Wednesday, August 08, 2007

Faithful Musings

A few months ago, I found a site where a guy had written blog commentary on the various books of the Bible. I find the commentary insightful and interesting.

Those who know me best know that I'm not religious. I was raised Catholic, but never fully embraced that religion even as a kid. My feelings toward any kind of organized religion are tolerance at best. But years of Catholic up-bringing do tend to result in what I call an "agnostically challenged" state when it comes to religion and my feelings about a higher power.

I've asked myself the question on several occasions about how I feel about the possibility of a God. Over the years, this has led to me considering other faiths including Judaism, Wicca, Lutheran, and a return to Catholicism. Each time, the main issue that confronted me was my ability to "suspend belief" and believe that a God existed as explained by scripture or that multiple Gods/Spirits existed.
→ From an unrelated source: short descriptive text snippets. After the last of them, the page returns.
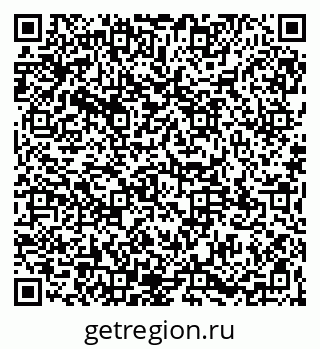 79065100276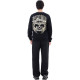 Boy London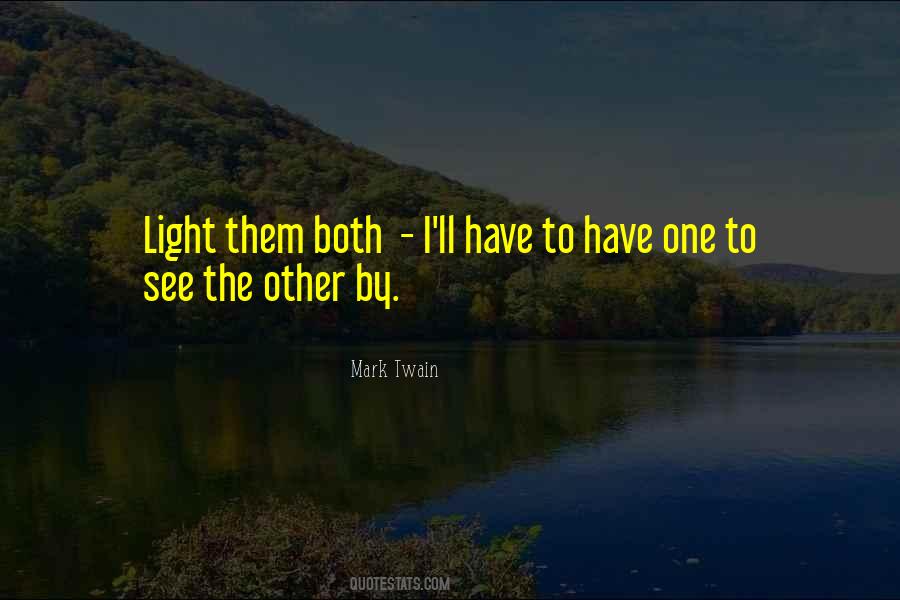 Unfashionable Dowdy Quotes #686142
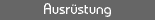Link: Ausr�stung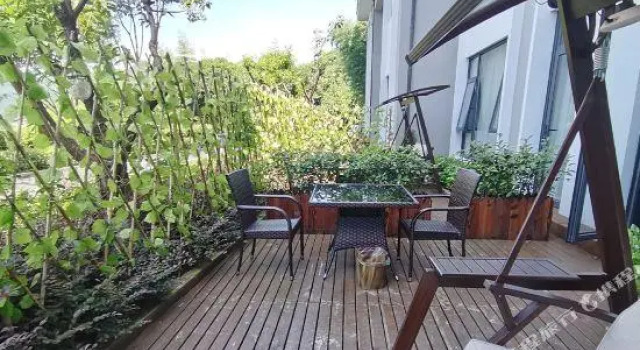 Kaiyuan Life Hotel Qiandao Lake Wanghu, Rezerwuj Hotel Hangzhou Zhejiang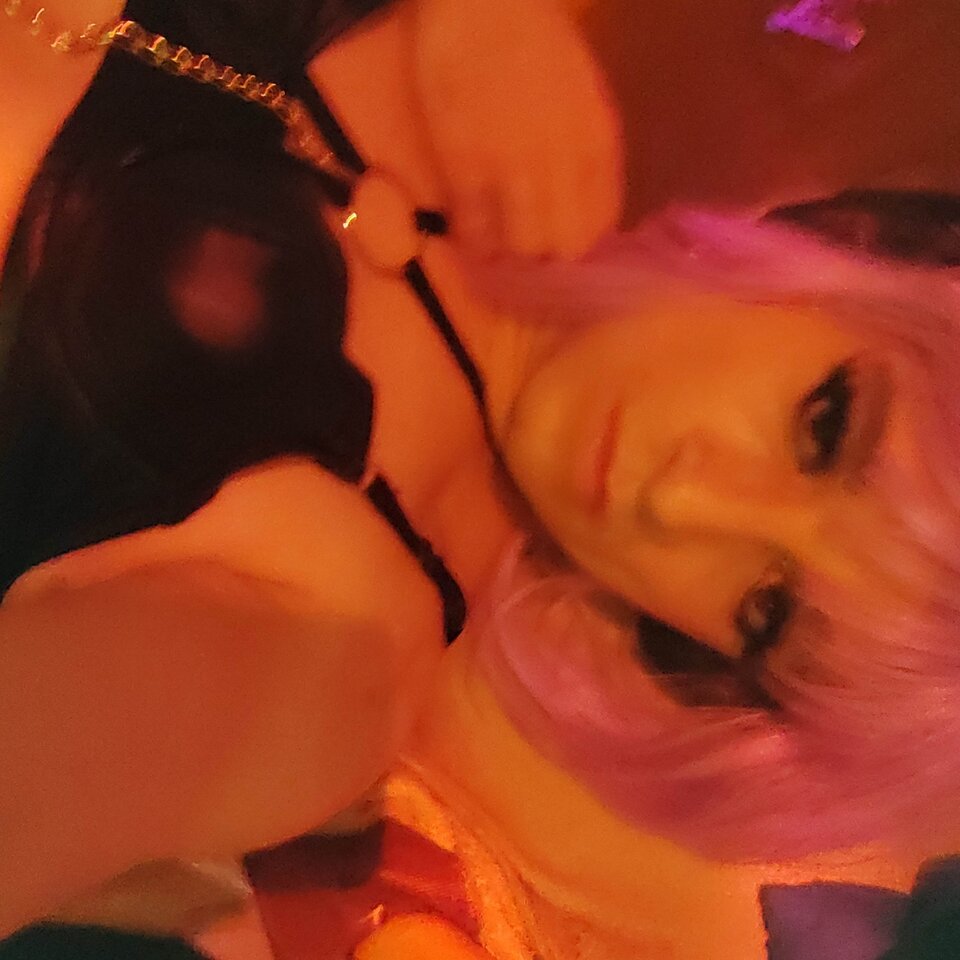 IMG_20240401_113501.jpg - ChloeCandice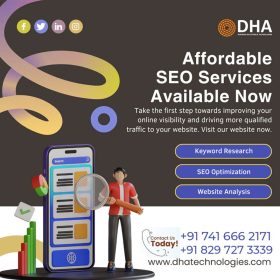 Affordable-SEO-Services-by-DHA-Technologies-–-Boost-Your-Online-Visibility-Today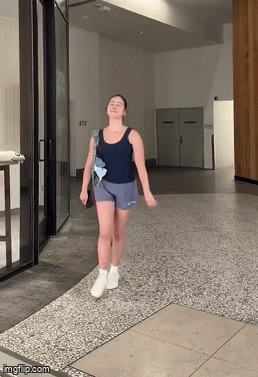 sofi flipping Blank Meme Template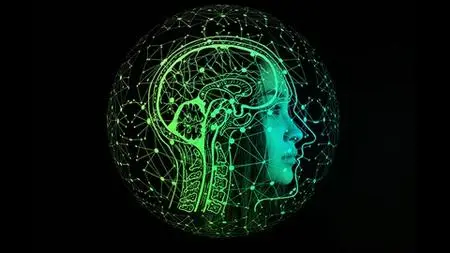 Machine Learning : Basic Concepts For Absolute Beginners !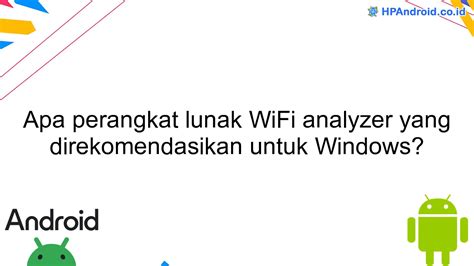 Dewaslot99 win  Situs RTP slot gacor Dewaslot99 Dan kini sudah semakin banyak tersebar di internet, dan memiliki beragam permainan slot online terbaik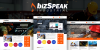 BizSpeak v1.0 – Industrial Joomla Template 3.png BizSpeak v1.0 – Industrial Joomla Template 3.png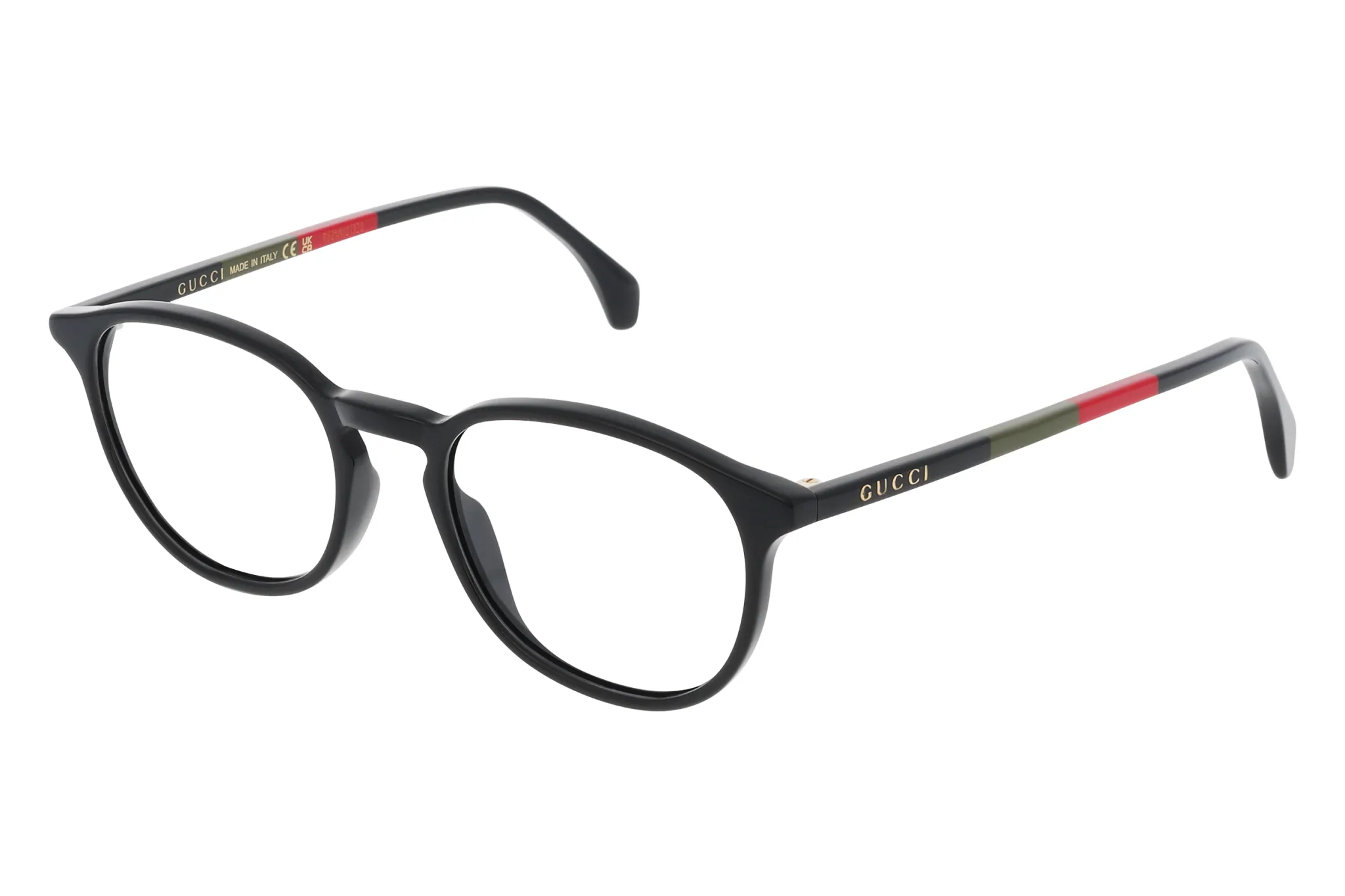 OCCHIALI DA VISTA GUCCI GG0551O_50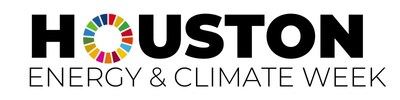 2025 Houston Energy and Climate Week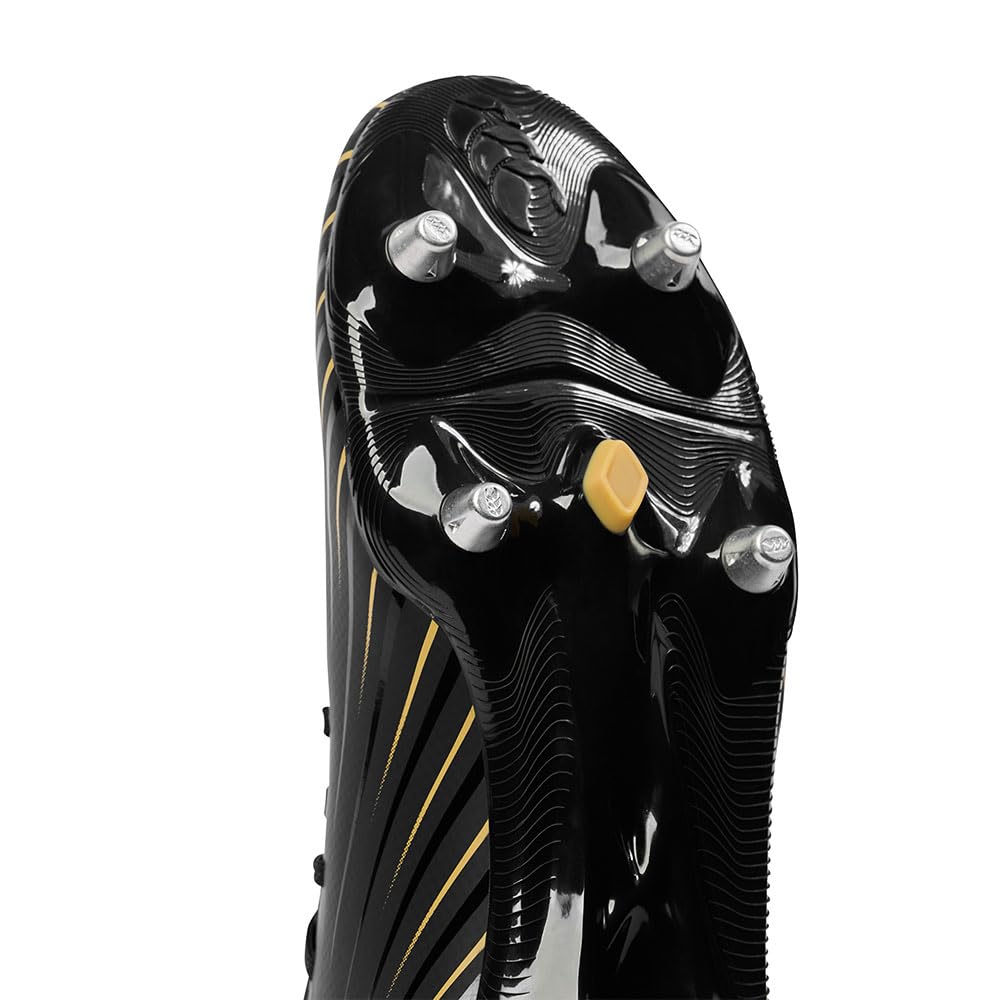 Canterbury Speed Falcon Team Botas Unisex adulto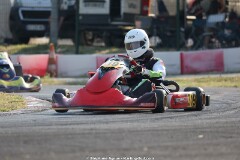 KS-2J4A7560.jpg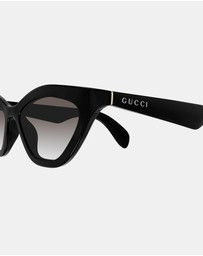 Gucci - GG1931S001 302-2
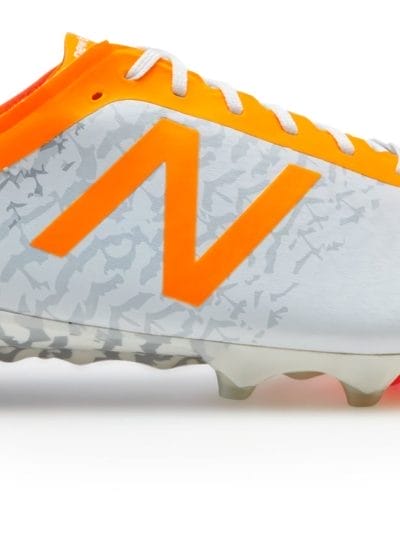 Fitness Mania - Furon 2.0 FG Apex LE Men's Boots Shoes - MSFLEFWI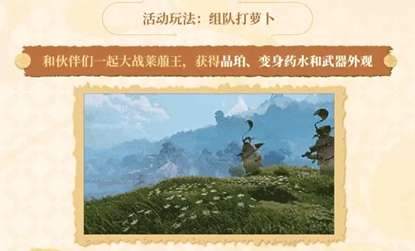 http://seogc.fp.ps.netease.com/file/69eb4e93b681cdb6f5bf306d9IPwklaF07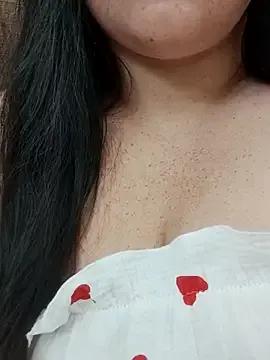 Avatar of ErikaVlovely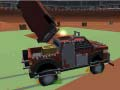 Spiel Pixel Auto Cash Zerstörung V1 Online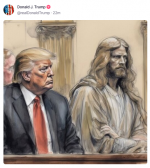 Trump Trial Jesus.png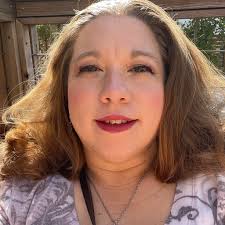 ARE YOU READY FOR FLAVORTOWN?! SICHUAN HOUSE is San Antonio's  "yet-to-be-revealed mystery restaurant" to be featured by Guy Fieri Guy  Fieri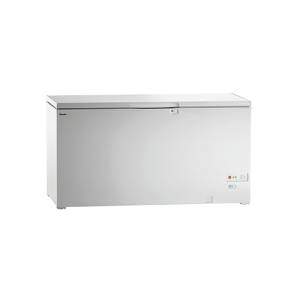 FREEZER 479-W BARTSCHER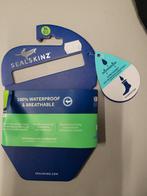 waterdichte Sealskinz sok maat 47-49, Ophalen of Verzenden, Sealskinz, Sealskinz Ltd Nelson Huis, 9-10 Nelson Bedrijvenpark, Bergenseweg, Industrieterrein North Lynn, Koning Lynn PE30 2DE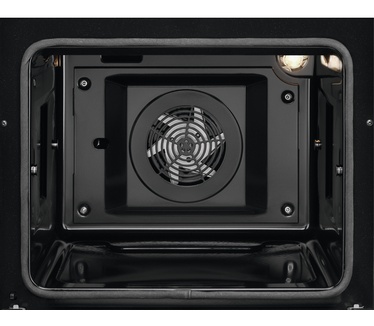 AEG CCB6200ABW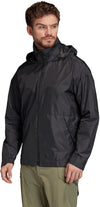 Urban WIND.RDY Jack
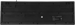 Клавиатура Оклик 95M черный USB (1788106) 1788106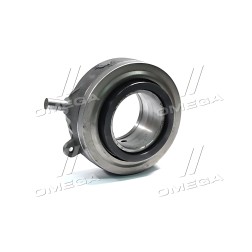 01М-21с9 Підшипник виж. в зб. Т 150К СМД 60 (підш. 46120) (вир-во УМТК) фото від Мотор-Агро Харків Україна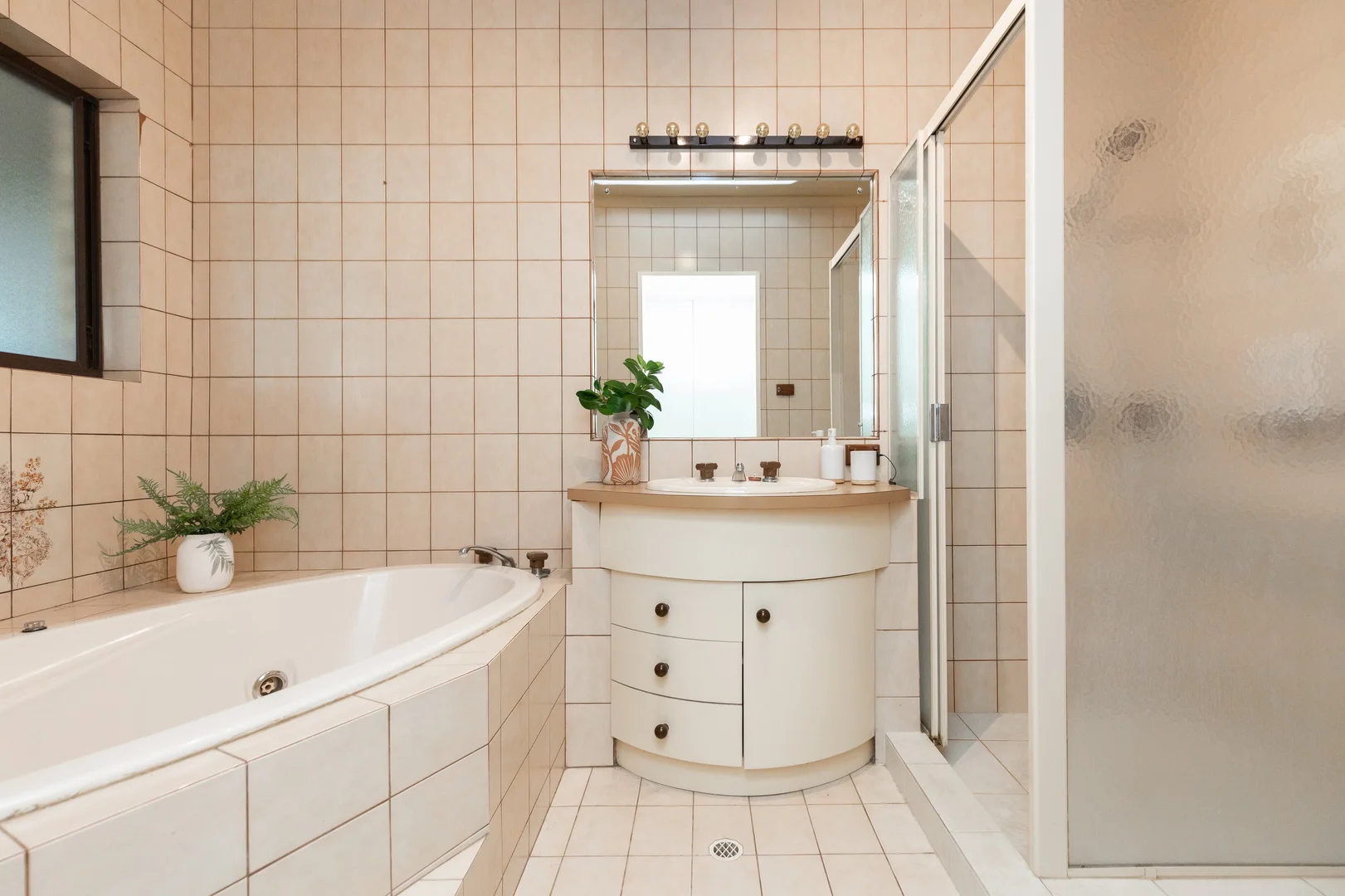 Additional image 19 of 5 Church Street, Balhannah SA 5242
I found it near impossible.

However, I've never quite doubted that something exists outside of ourselves as human beings. And that is why I never classified myself as an Atheist, but sometimes feel "agnostic" even too specific a label.

Part of me thinks that I will find the answer some day, but that the answer will only truly come with death. I'm not looking to be saved, nor do I wish anyone to try. It took me awhile to determine that sitting with other people in an attempt to worship something that we all probably had different opinions about was not the right thing for me.


Emma said...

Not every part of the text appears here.